* [INSTRUCTIONS FOR THE TASK]
The records below are to be restated word for word, with their images omitted.

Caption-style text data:

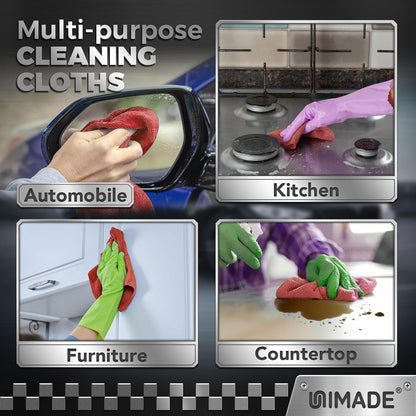 UNIMADE Microfiber Cleaning Cloth, 100 Pack Microfiber Towels for Cars Commercial Grade Work Rags Bulk Detailing Cloth for Automotive Bar Mechanic Restaurant Garage Housekeeping, 11.5"x 11.5", Grey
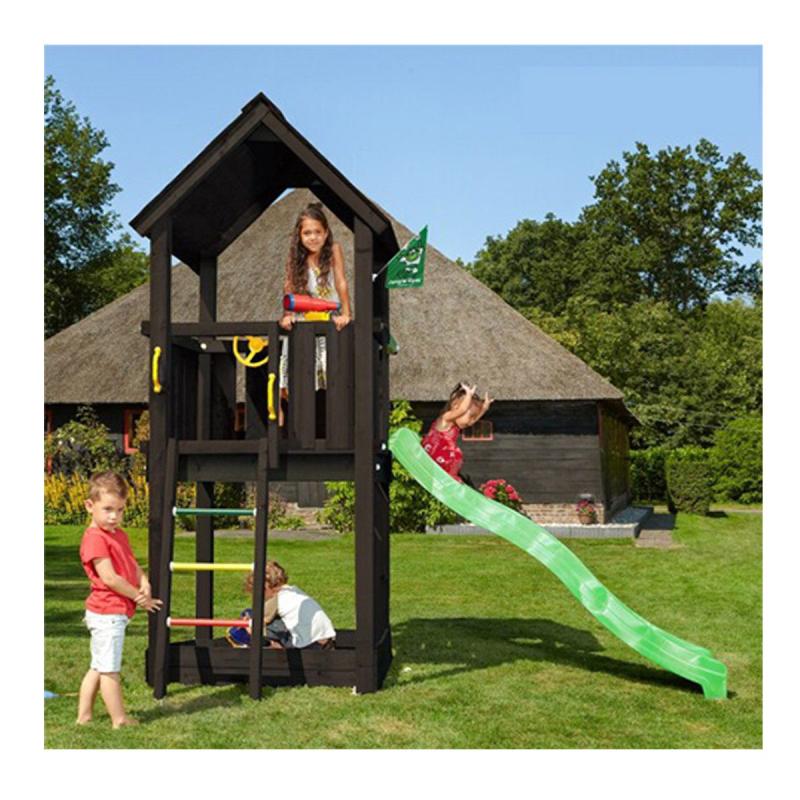 Jungle Gym Club Legetårn Komplet Inkl  Rutsjebane  Grundmalet Sort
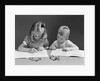 1940s two children coloring drawing in book by Anonymous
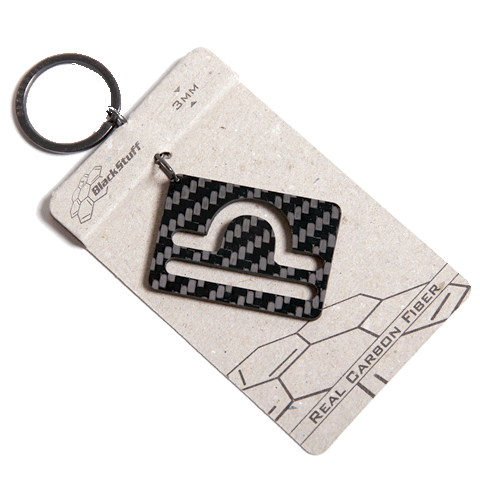 BlackStuff Carbon Fiber Keychain Keyring Ring Holder Zodiac Libra BS-407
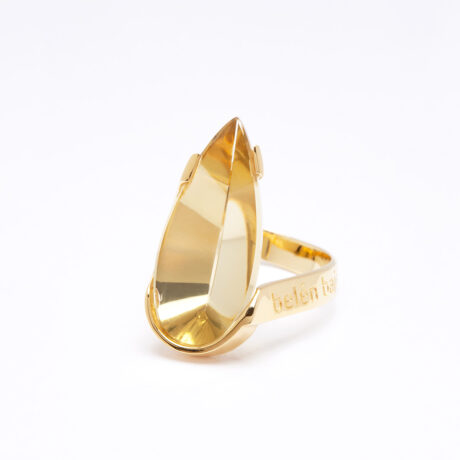 Handmade Bet ring in 18k gold plated 925 silver and lemon quartz designed by Belen Bajo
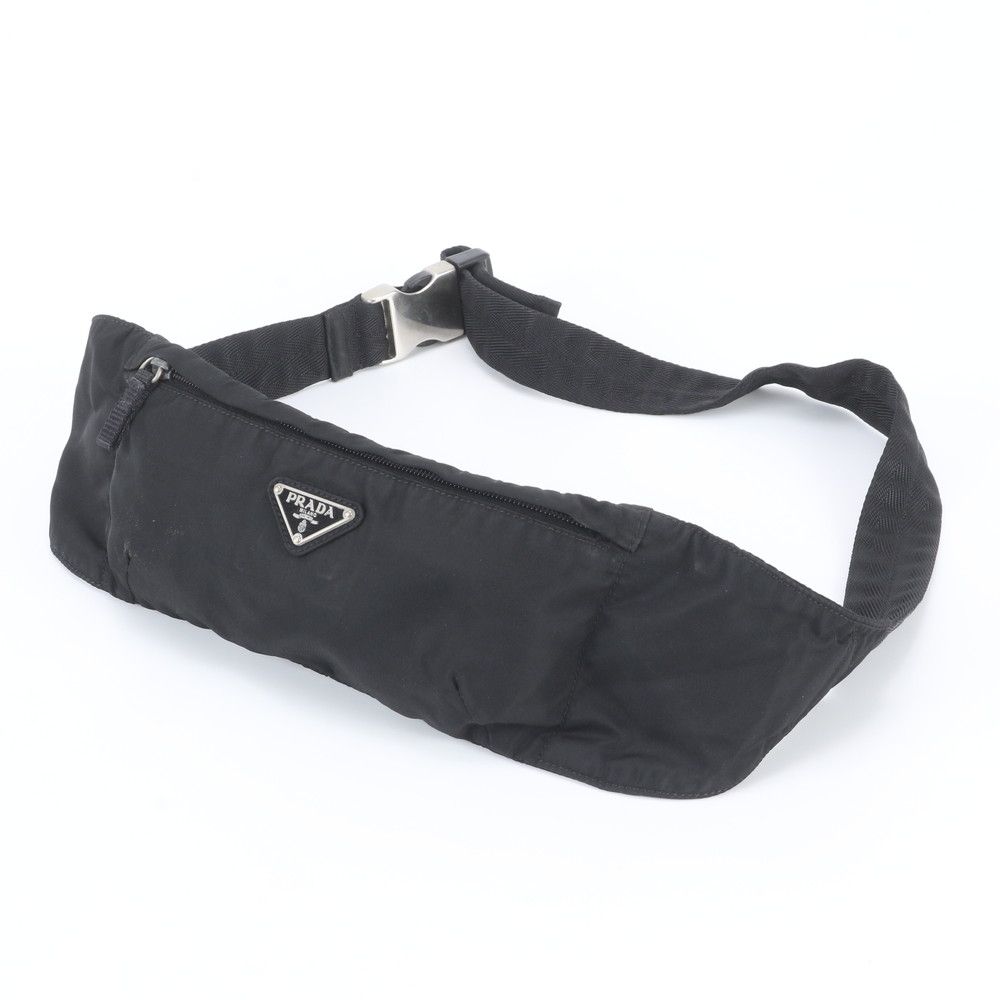 Prada White Tessuto Nylon Triangle Logo Belt Bag Waist Pouch Shoulder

* [WRITTEN RESPONSE]
 UNIMADE Microfiber Cleaning Cloth, 100 Pack Microfiber Towels for Cars Commercial Grade Work Rags Bulk Detailing Cloth for Automotive Bar Mechanic Restaurant Garage Housekeeping, 11.5"x 11.5", Grey
 Jungle Gym Club Legetårn Komplet Inkl  Rutsjebane  Grundmalet Sort
 1940s two children coloring drawing in book by Anonymous
 BlackStuff Carbon Fiber Keychain Keyring Ring Holder Zodiac Libra BS-407
 Handmade Bet ring in 18k gold plated 925 silver and lemon quartz designed by Belen Bajo
 Prada White Tessuto Nylon Triangle Logo Belt Bag Waist Pouch Shoulder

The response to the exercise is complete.